Indonesian citizens, Indonesian corporations, foreign residents and foreign corporations can, under the Basic Agrarian Law, hold a Hak Pakai.

The transfer of a Hak Pakai over State land requires the permission of the relevant authorized officer. The transfer of a Hak Pakai over land owned by private citizens is allowed if it is so agreed in the contract granting the right.

Obtaining Land Titles by PMA Companies

For a new prospective PMA company, which requires land or real estate to conduct its business, one crucial procedure must be followed in respect of land. This regards the processing of the Location Permit.

The Location Permit allows a PMA company to acquire the land needed for its operation, and also serves as license for the transfer of rights and for utilizing the land for its investment. The Location Permit must be obtained from the Regent (Camat) with jurisdiction where such land is located. Within 12 -36 months (depending the acreage of land) after the issuance of this Location Permit, the PMA company must proceed to relinquish the land from its original land owners.
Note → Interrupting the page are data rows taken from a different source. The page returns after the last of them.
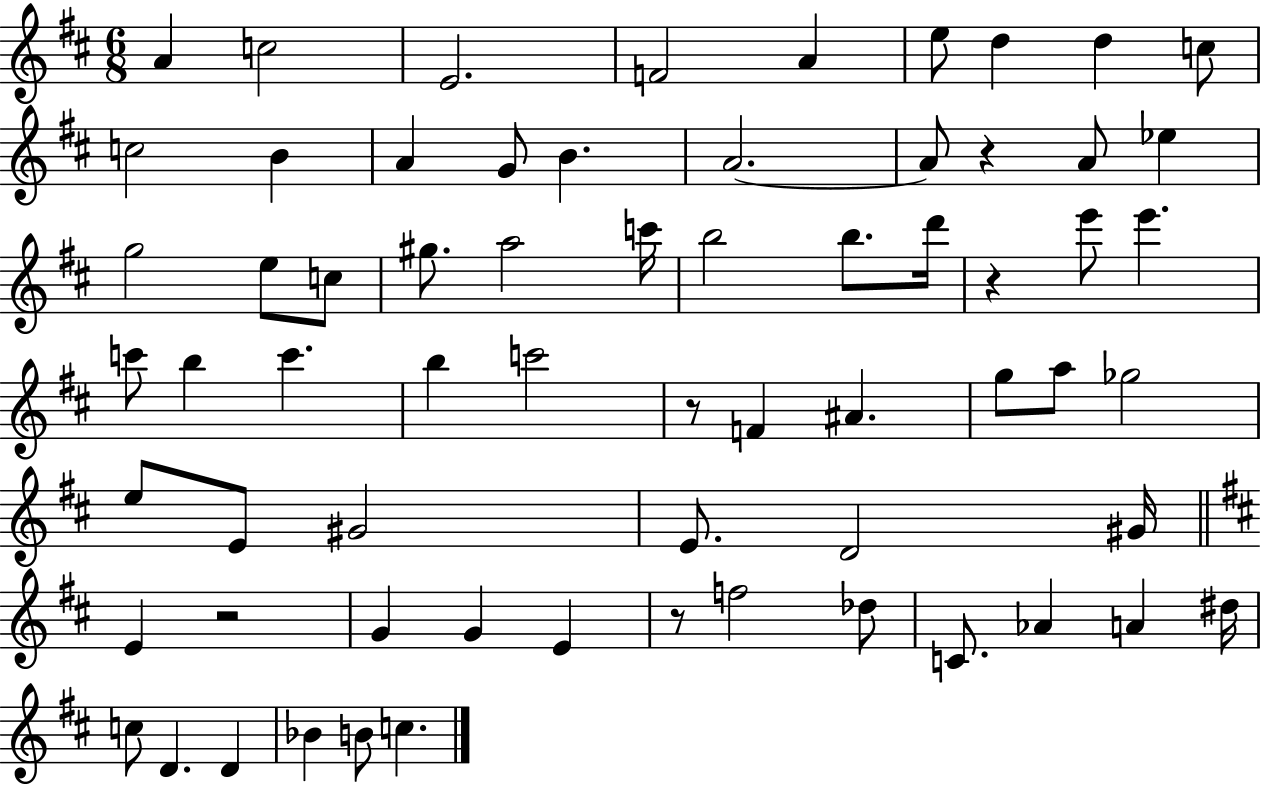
{
  \clef treble
  \numericTimeSignature
  \time 6/8
  \key d \major
  a'4 c''2 | e'2. | f'2 a'4 | e''8 d''4 d''4 c''8 | \break c''2 b'4 | a'4 g'8 b'4. | a'2.~~ | a'8 r4 a'8 ees''4 | \break g''2 e''8 c''8 | gis''8. a''2 c'''16 | b''2 b''8. d'''16 | r4 e'''8 e'''4. | \break c'''8 b''4 c'''4. | b''4 c'''2 | r8 f'4 ais'4. | g''8 a''8 ges''2 | \break e''8 e'8 gis'2 | e'8. d'2 gis'16 | \bar "||" \break \key b \minor e'4 r2 | g'4 g'4 e'4 | r8 f''2 des''8 | c'8. aes'4 a'4 dis''16 | \break c''8 d'4. d'4 | bes'4 b'8 c''4. | \bar "|."
}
If the company had previously obtained a Location Permit then it needs to cautiously observe its Permit, as the purchase of the property should be in accordance with it. The investment license issued for the company also contains provisions on the land, if any, required for the intended investment. Therefore, if the properties purchased by the company are more than the acreage stated in its investment license, this will not be allowed unless the company first files an application with BKPM for a revision of its investment license to include a larger land area. A company, having obtained a decree granting its right in the land, will be expected to utilize the land in accordance with the terms of the decree and of its investment approval.
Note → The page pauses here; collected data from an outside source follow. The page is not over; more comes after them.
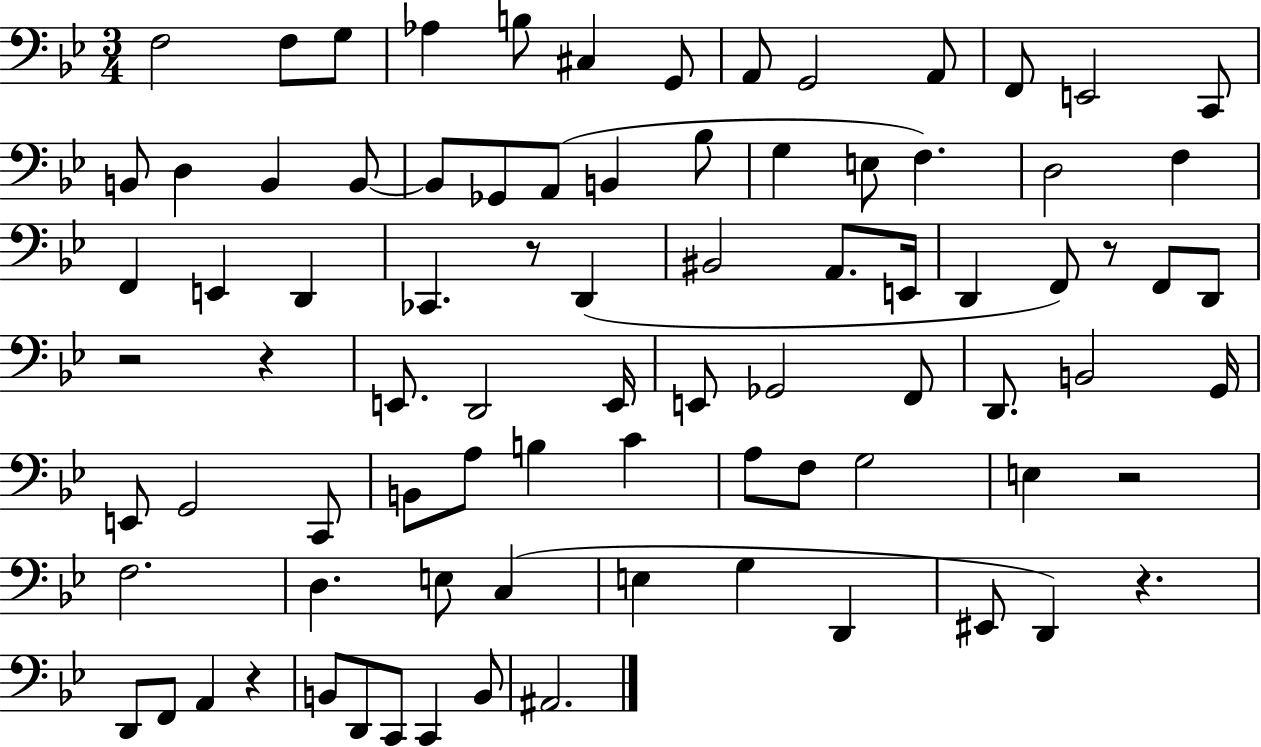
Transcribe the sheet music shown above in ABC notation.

X:1
T:Untitled
M:3/4
L:1/4
K:Bb
F,2 F,/2 G,/2 _A, B,/2 ^C, G,,/2 A,,/2 G,,2 A,,/2 F,,/2 E,,2 C,,/2 B,,/2 D, B,, B,,/2 B,,/2 _G,,/2 A,,/2 B,, _B,/2 G, E,/2 F, D,2 F, F,, E,, D,, _C,, z/2 D,, ^B,,2 A,,/2 E,,/4 D,, F,,/2 z/2 F,,/2 D,,/2 z2 z E,,/2 D,,2 E,,/4 E,,/2 _G,,2 F,,/2 D,,/2 B,,2 G,,/4 E,,/2 G,,2 C,,/2 B,,/2 A,/2 B, C A,/2 F,/2 G,2 E, z2 F,2 D, E,/2 C, E, G, D,, ^E,,/2 D,, z D,,/2 F,,/2 A,, z B,,/2 D,,/2 C,,/2 C,, B,,/2 ^A,,2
Please note also that there is a strong policy in Indonesia against foreign ownership or control of land. Hence, the PMA companies, while granted the rights in land necessary to make their projects viable, are not allowed to hold land beyond that which is actually required and specifically licensed for their projects.

Ownership of Strata Unit/Condominium by Individual Foreigners

The ownership of strata unit by individual foreigners in Indonesia is governed by a government regulation issued in 1996 (Government Regulation Number 41 of 1996) . Under this Regulation, foreigners resident in Indonesia are only allowed to buy and own residential property if it is built upon land with Hak Pakai over State owned land.
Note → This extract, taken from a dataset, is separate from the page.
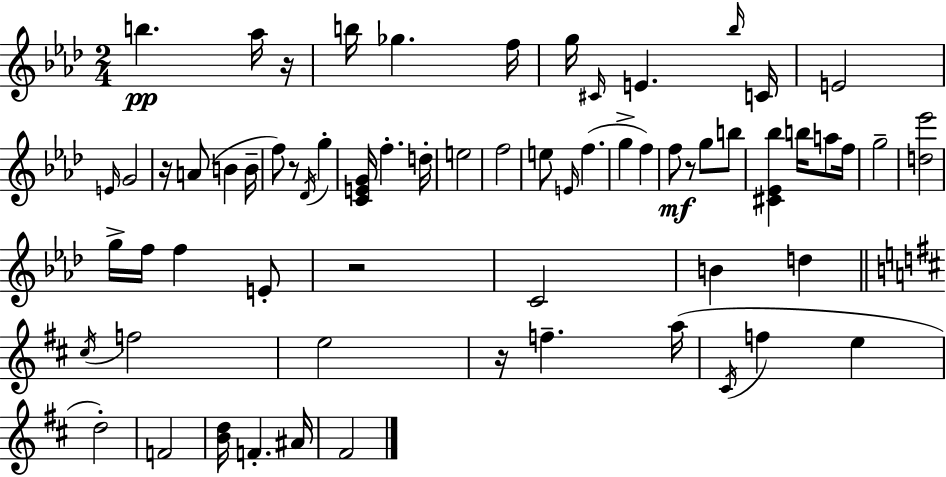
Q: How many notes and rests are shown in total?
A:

Ownership of strata unit covers:

· joint right on parts of the condominium (Bagian Bersama);
· joint right on things attached to the condominium (Benda Bersama); and
· joint right on land which the condominium is built.

All these form a unity of rights which functionally can not be separated. Ownership will be evidenced by a Land Right Certificate (Sertifikat Hak atas Tanah) issued by the relevant land office in local regency (kecamatan). All ownership rights to a strata unit are initially issued in the name of the developer and only after the respective strata unit is bought, the transfer of right is registered through a Land Conveyancer (Pejabat Pembuat Akta Tanah or “PPAT”). The deed and the Land Certificate will be registered in the name of the buyer as the owner of the strata unit. Once it has been properly registered, the owner will be entitled to (i) use or alternatively rent such strata unit to other party (ii) secure such strata unit in the form of land mortgage (Hak Tanggungan) and (iii) transfer it to other party.

If one looks carefully, the rights of foreigners to own a residence in Indonesia are in fact quite restricted. The privilege is subject to the foreigners having Hak Pakai on State owned land (see above) title and they must sell such real estate if they cease to be residents in Indonesia. The State reserves the right to auction foreigners’ property if these conditions are breached. In addition, it is also regulated that foreigners only are allowed to possess a strata unit with the following conditions, among others:

·The foreigners must be domiciled in Indonesia which shall be evidenced by several permits to stay granted by the Government;

·They have never possessed any residence before in Indonesia, therefore, they are required to draft a statement letter in this regard.